[Data records Boundary: Start]

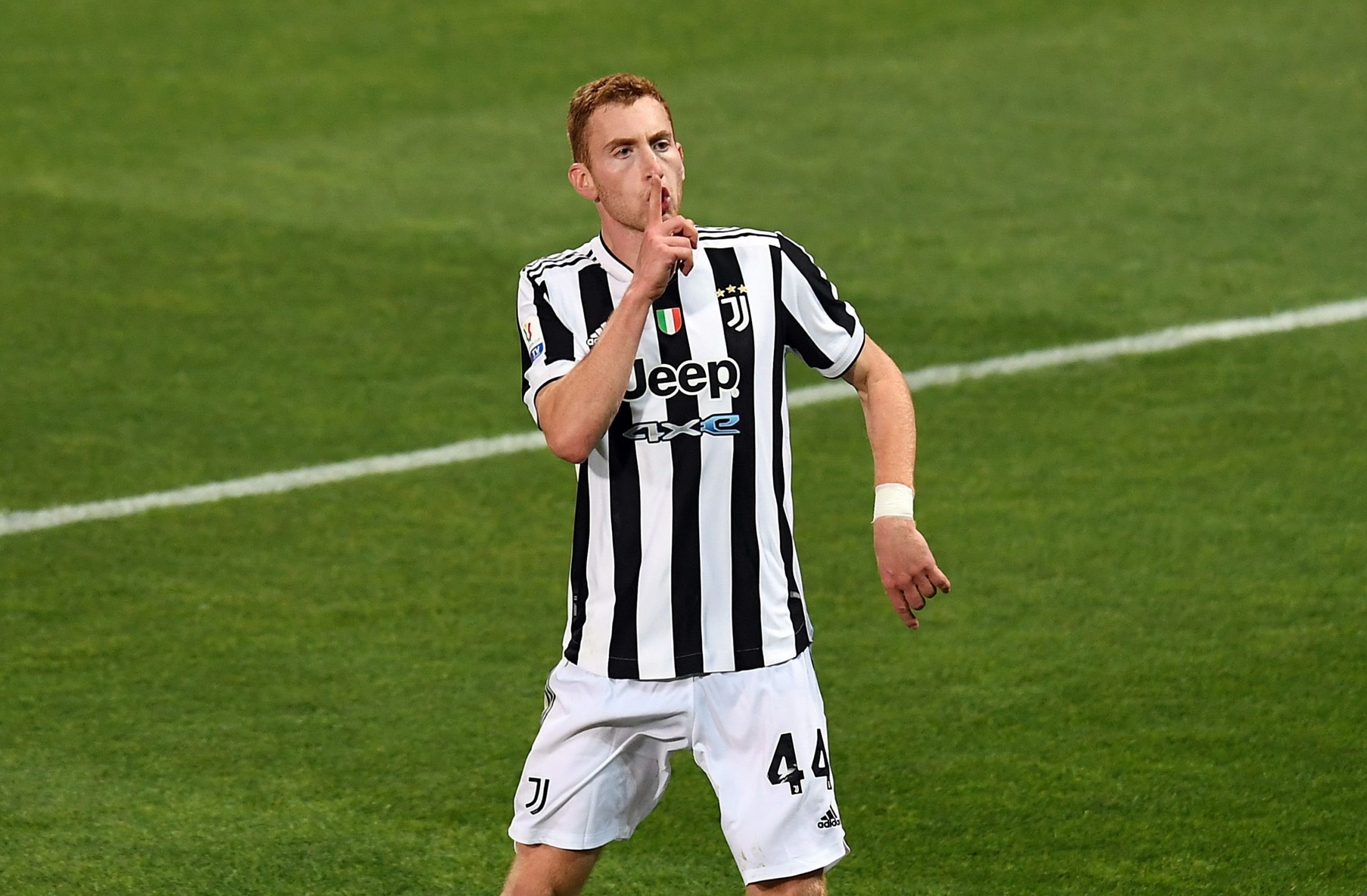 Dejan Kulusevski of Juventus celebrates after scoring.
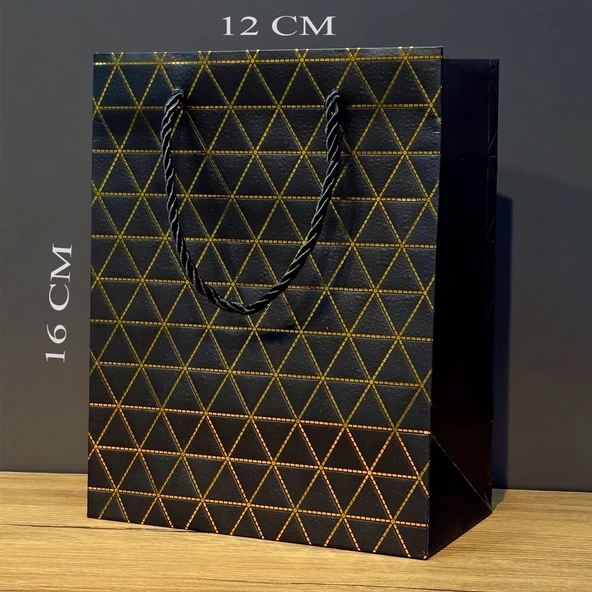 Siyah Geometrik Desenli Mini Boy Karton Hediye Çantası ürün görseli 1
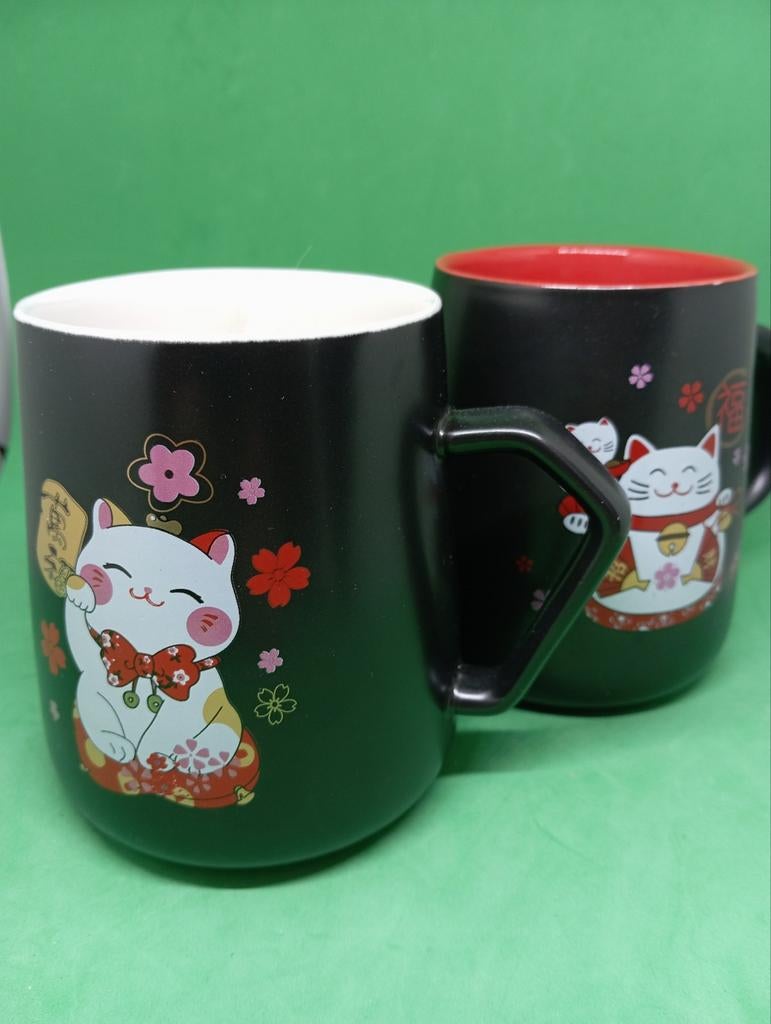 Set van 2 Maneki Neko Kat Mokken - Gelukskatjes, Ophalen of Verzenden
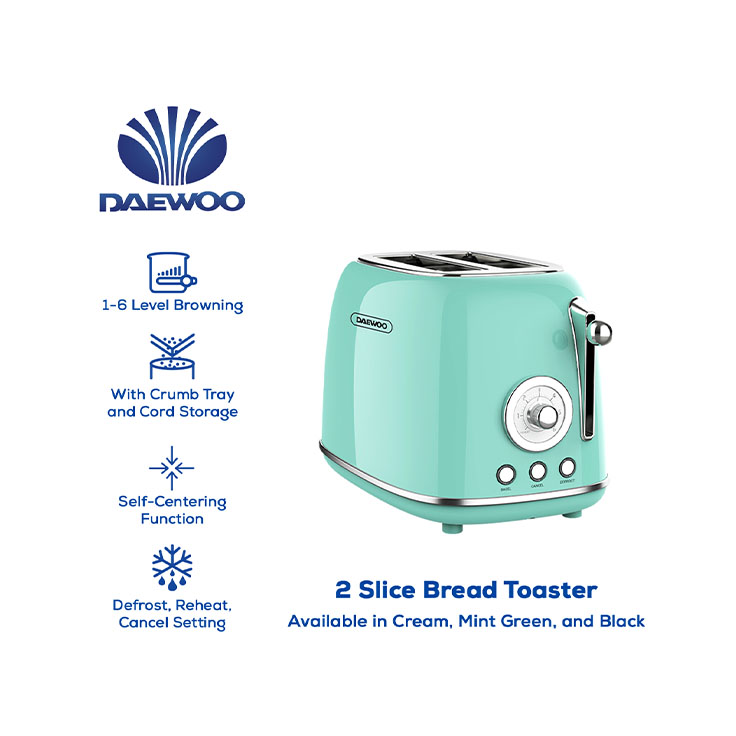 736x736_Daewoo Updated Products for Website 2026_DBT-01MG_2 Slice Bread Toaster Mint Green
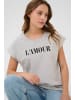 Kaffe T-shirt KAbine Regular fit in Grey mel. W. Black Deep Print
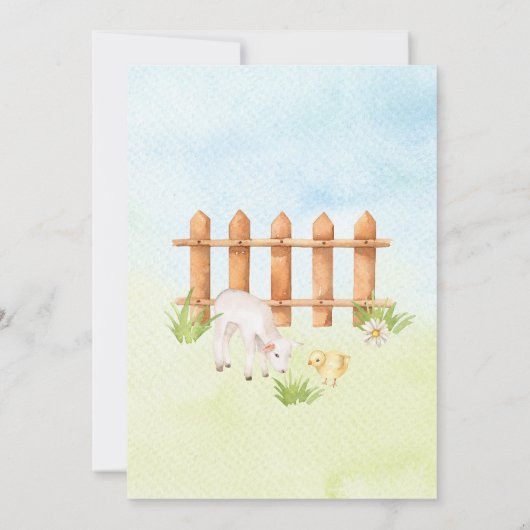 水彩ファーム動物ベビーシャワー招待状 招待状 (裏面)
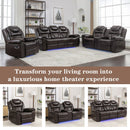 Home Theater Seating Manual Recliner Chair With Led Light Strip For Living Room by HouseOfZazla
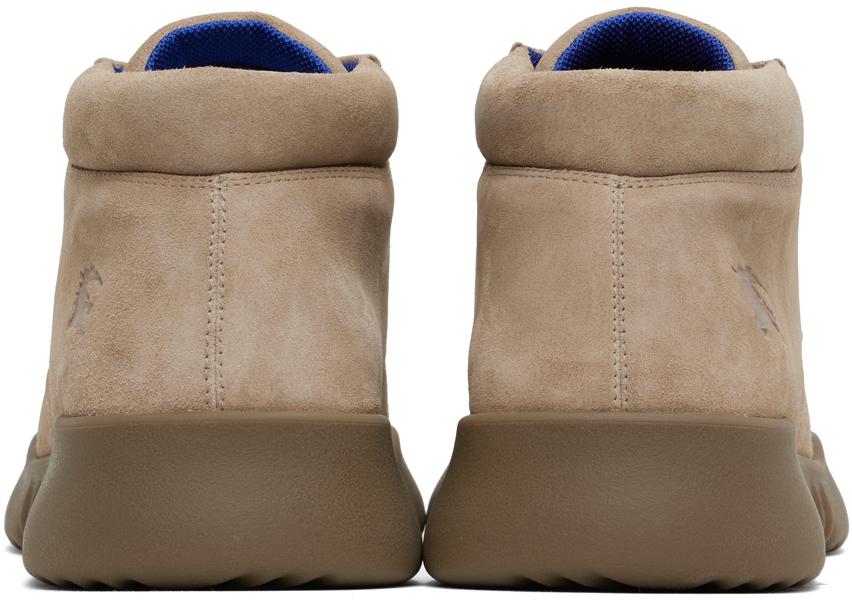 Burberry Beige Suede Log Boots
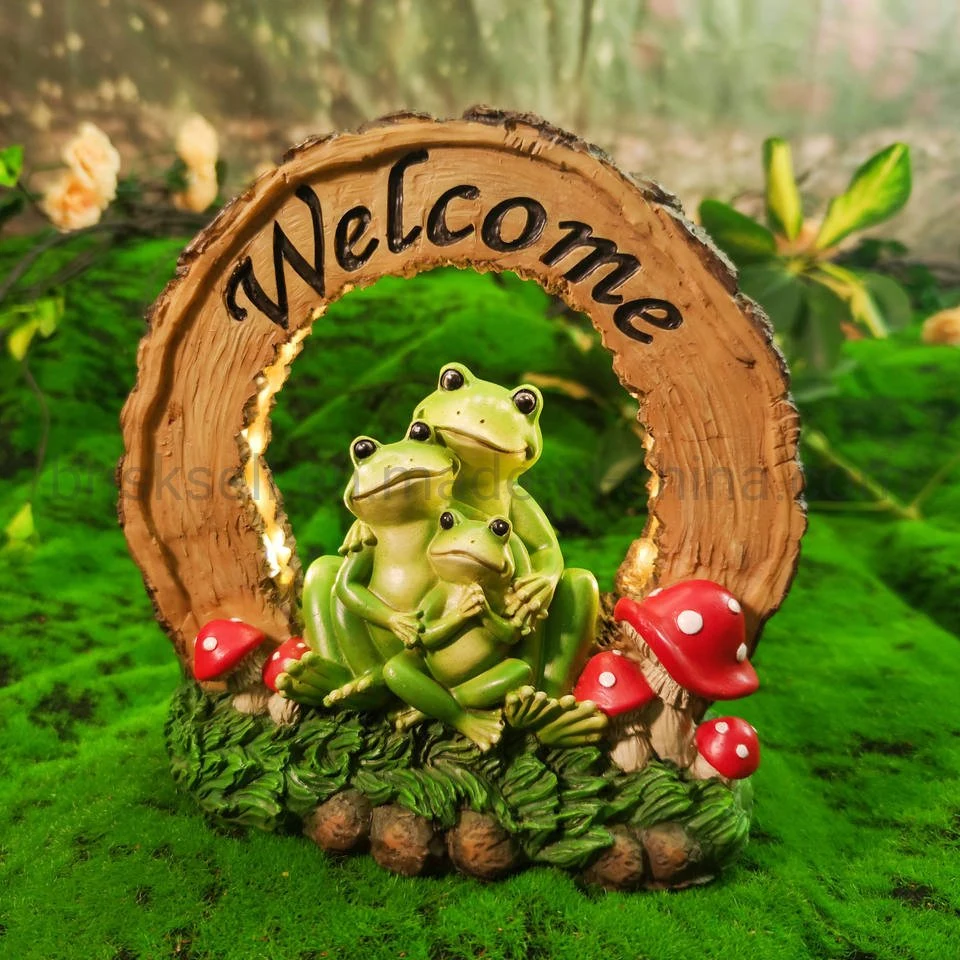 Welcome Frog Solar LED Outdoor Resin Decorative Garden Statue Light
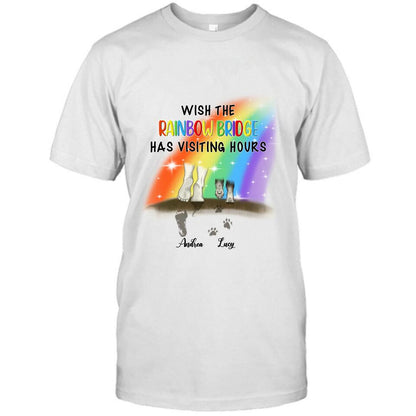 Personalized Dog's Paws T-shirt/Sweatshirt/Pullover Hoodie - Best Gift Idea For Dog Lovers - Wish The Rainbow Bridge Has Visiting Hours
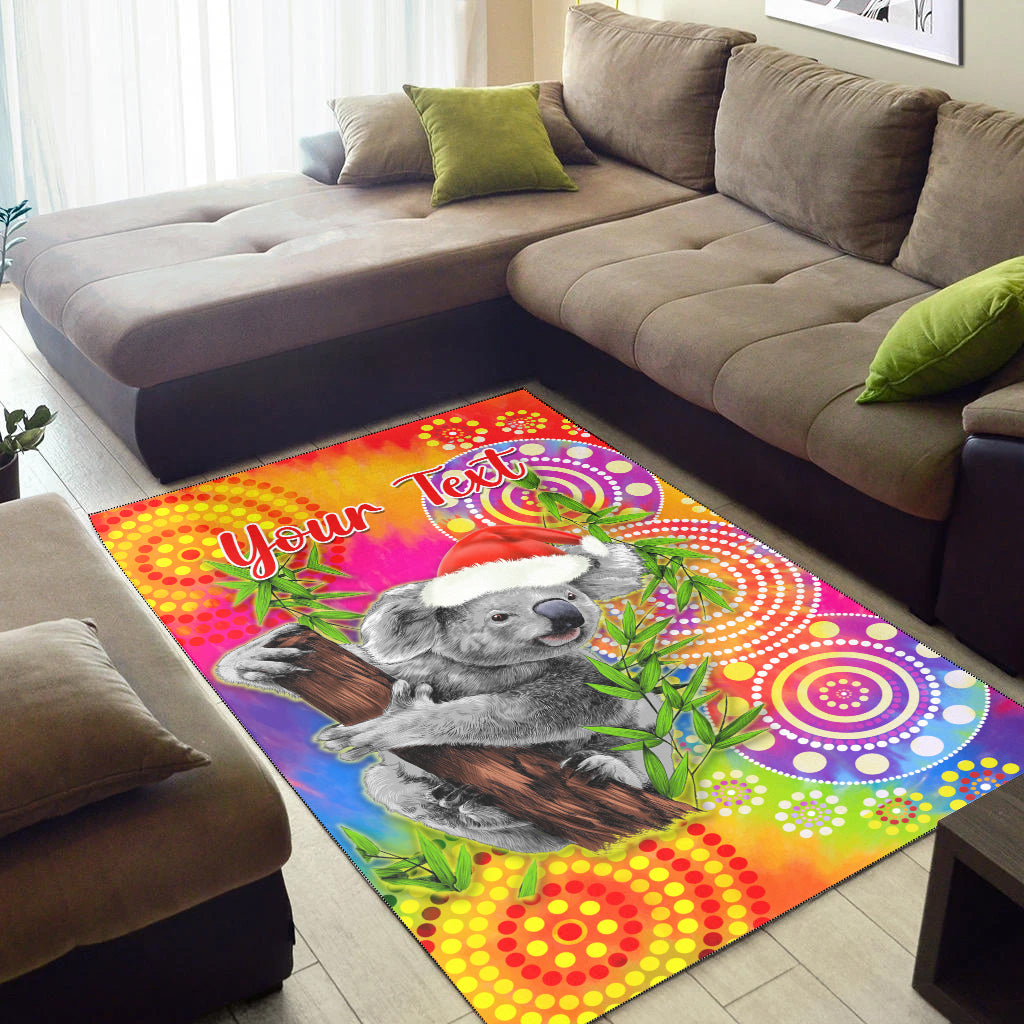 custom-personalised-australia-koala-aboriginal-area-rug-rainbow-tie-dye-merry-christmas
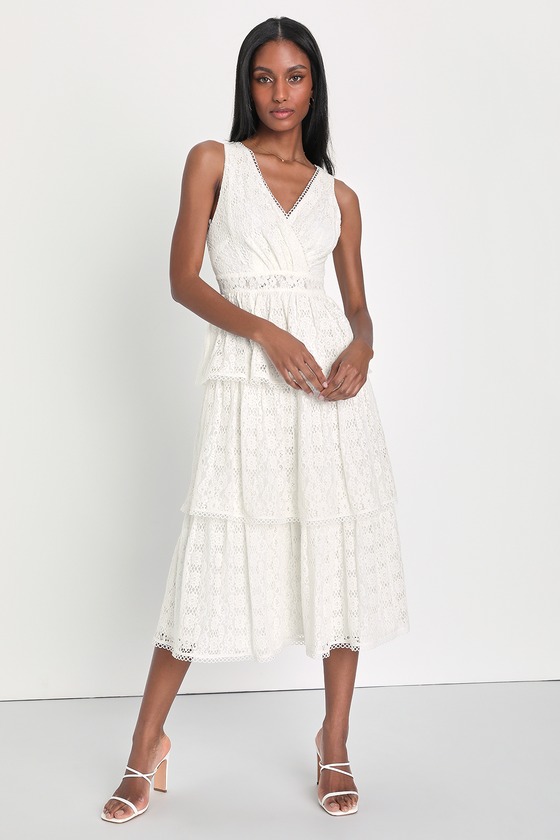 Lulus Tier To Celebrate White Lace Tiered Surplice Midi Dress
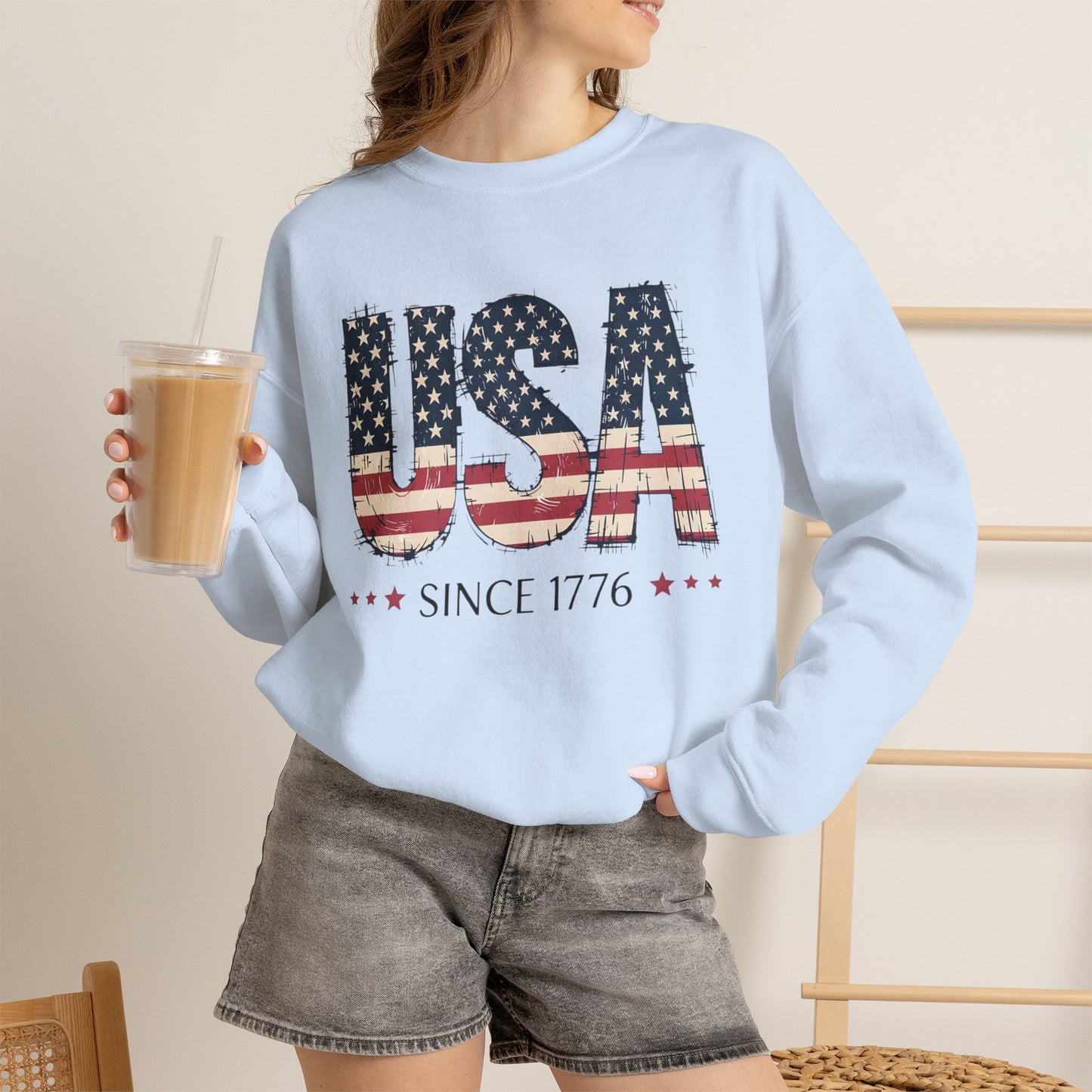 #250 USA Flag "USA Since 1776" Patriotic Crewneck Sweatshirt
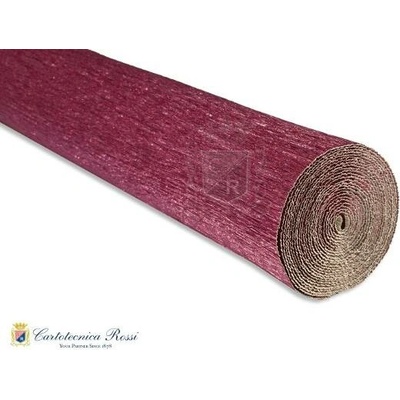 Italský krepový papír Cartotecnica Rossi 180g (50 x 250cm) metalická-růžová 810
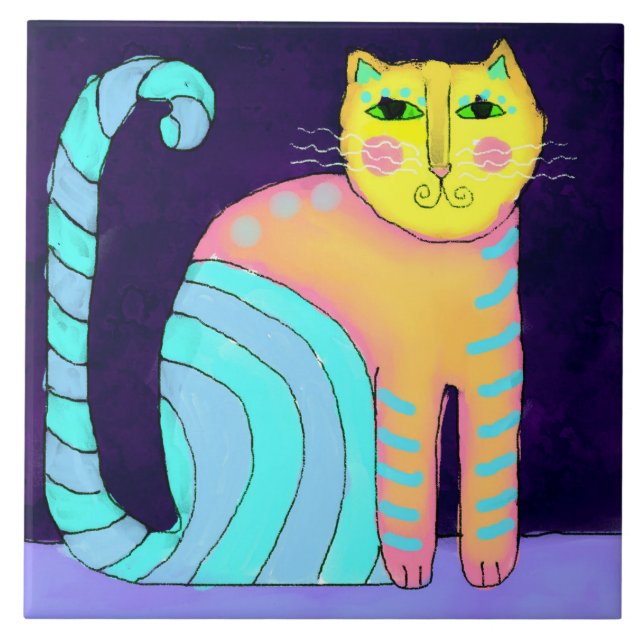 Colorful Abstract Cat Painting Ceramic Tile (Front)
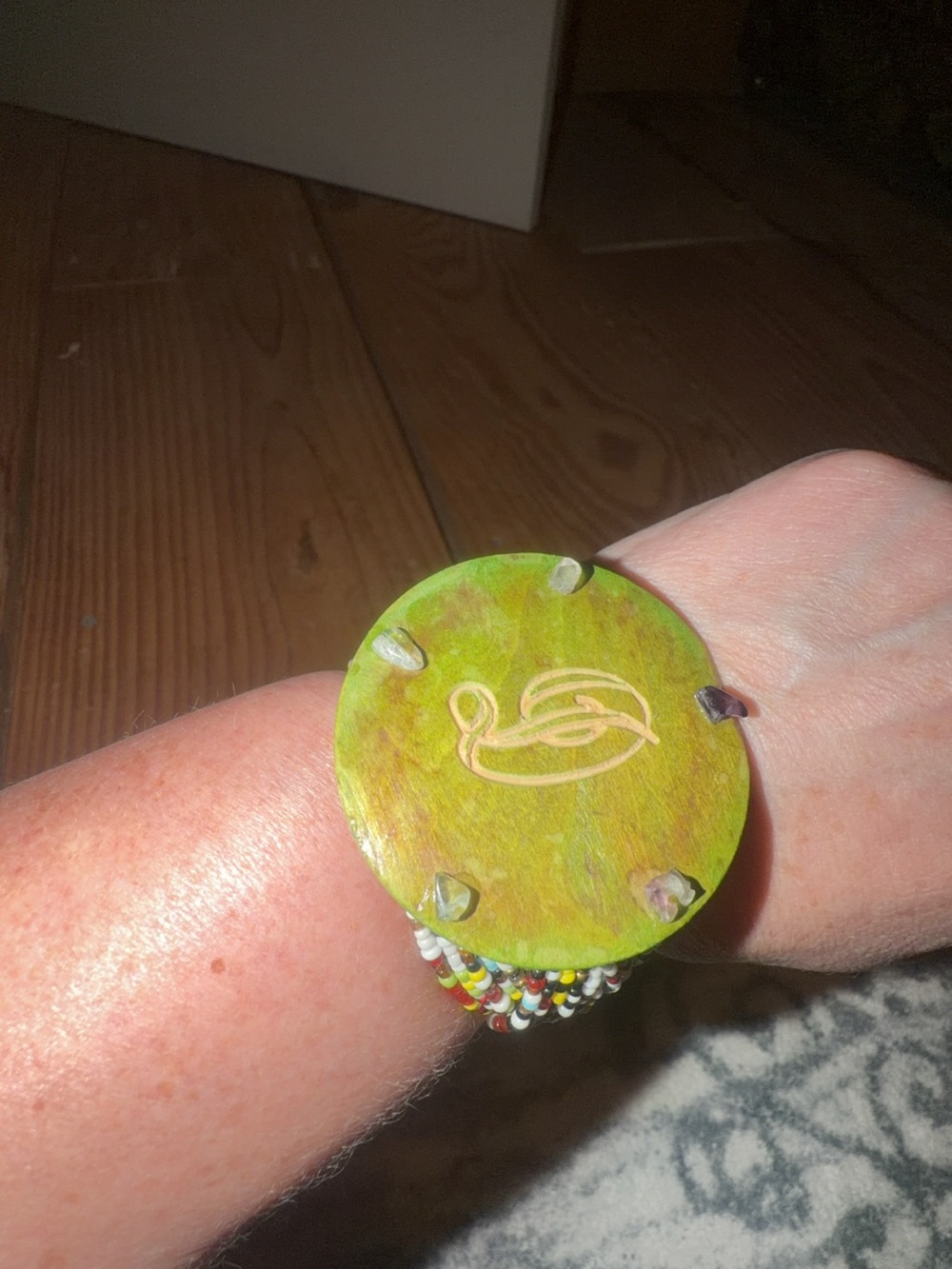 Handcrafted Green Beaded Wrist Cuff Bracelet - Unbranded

[Data records Boundary: End]

### [What is expected]
Give back the material word for word, leaving out its pictures.

### [Exercise output]
 Dejan Kulusevski of Juventus celebrates after scoring.
 Siyah Geometrik Desenli Mini Boy Karton Hediye Çantası ürün görseli 1
 Set van 2 Maneki Neko Kat Mokken - Gelukskatjes, Ophalen of Verzenden
 736x736_Daewoo Updated Products for Website 2026_DBT-01MG_2 Slice Bread Toaster Mint Green
 Kaffe T-shirt KAbine Regular fit in Grey mel. W. Black Deep Print
 水彩ファーム動物ベビーシャワー招待状 招待状 (裏面)
 Home Theater Seating Manual Recliner Chair With Led Light Strip For Living Room by HouseOfZazla
 Burberry Beige Suede Log Boots
 Welcome Frog Solar LED Outdoor Resin Decorative Garden Statue Light
 Personalized Dog's Paws T-shirt/Sweatshirt/Pullover Hoodie - Best Gift Idea For Dog Lovers - Wish The Rainbow Bridge Has Visiting Hours
 custom-personalised-australia-koala-aboriginal-area-rug-rainbow-tie-dye-merry-christmas
 Lulus Tier To Celebrate White Lace Tiered Surplice Midi Dress
 #250 USA Flag "USA Since 1776" Patriotic Crewneck Sweatshirt
 Italský krepový papír Cartotecnica Rossi 180g (50 x 250cm) metalická-růžová 810
 Colorful Abstract Cat Painting Ceramic Tile (Front)
 Handcrafted Green Beaded Wrist Cuff Bracelet - Unbranded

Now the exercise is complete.